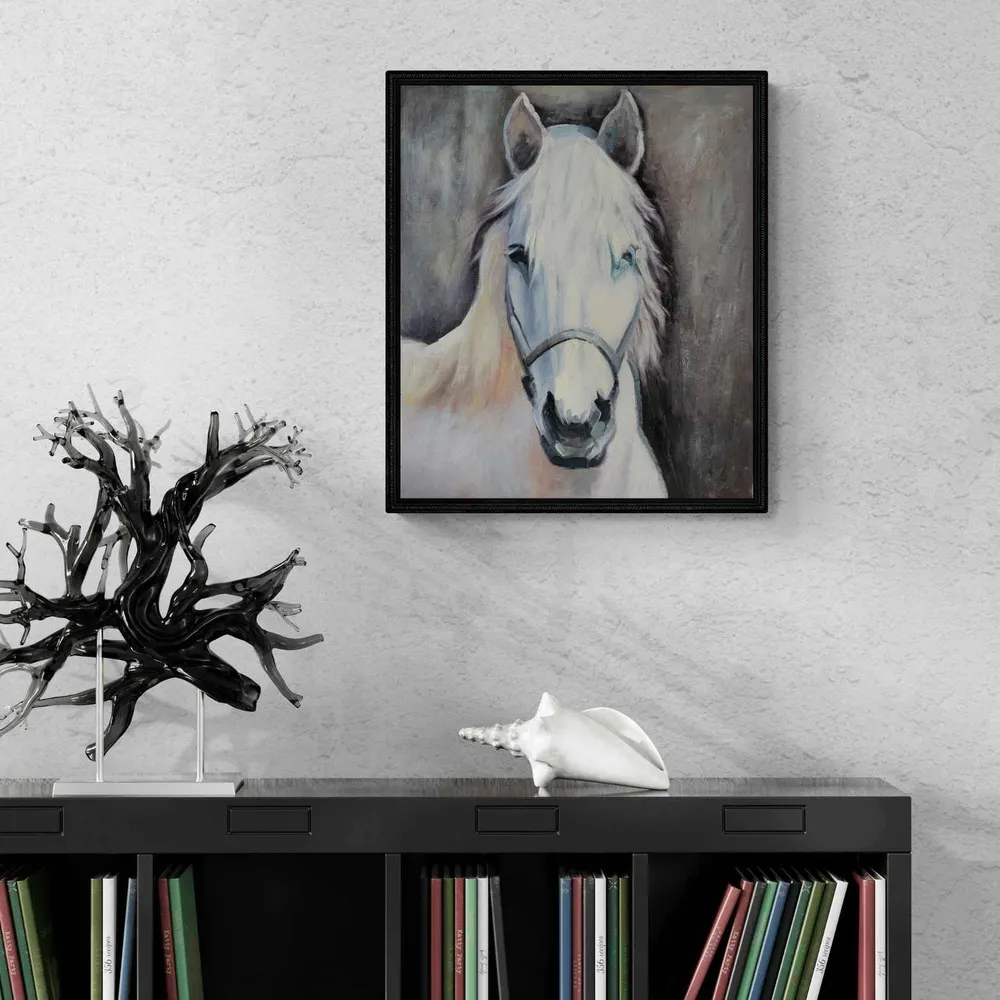 Cuadro Caballo Blanco 46x55 cm - Cuadros para Pasillo y Entrada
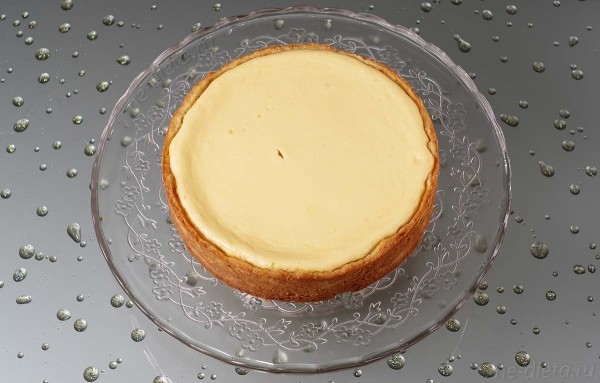 Творожный чизкейк с клубникой
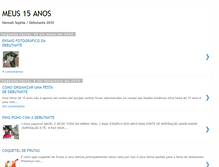 Tablet Screenshot of hannahsophia15anos.blogspot.com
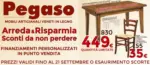 Pegaso Mobili Sconti da non perdere - al 21.09.2025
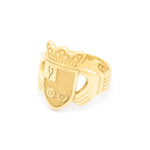 Men's Claddagh Family Crest Ring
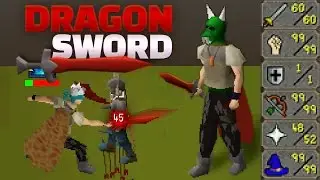 Low Level 1 Defense 99 Strength Pure DRAGON SWORD PKing!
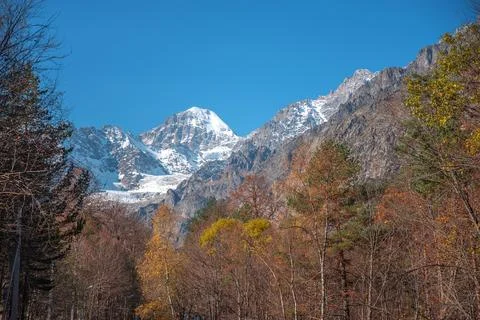 Mountains of the Caucasus. Stock Photos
****
▸ **ASSIGNMENT**: Write out exactly the lines from the one that contains "Pegaso Mobili Sconti" through the last line of the data above, both included. Leave every picture out.

▸ **THE ANSWER**:
 Pegaso Mobili Sconti da non perdere - al 21.09.2025
 Men's Claddagh Family Crest Ring
 Low Level 1 Defense 99 Strength Pure DRAGON SWORD PKing!
 Mountains of the Caucasus. Stock Photos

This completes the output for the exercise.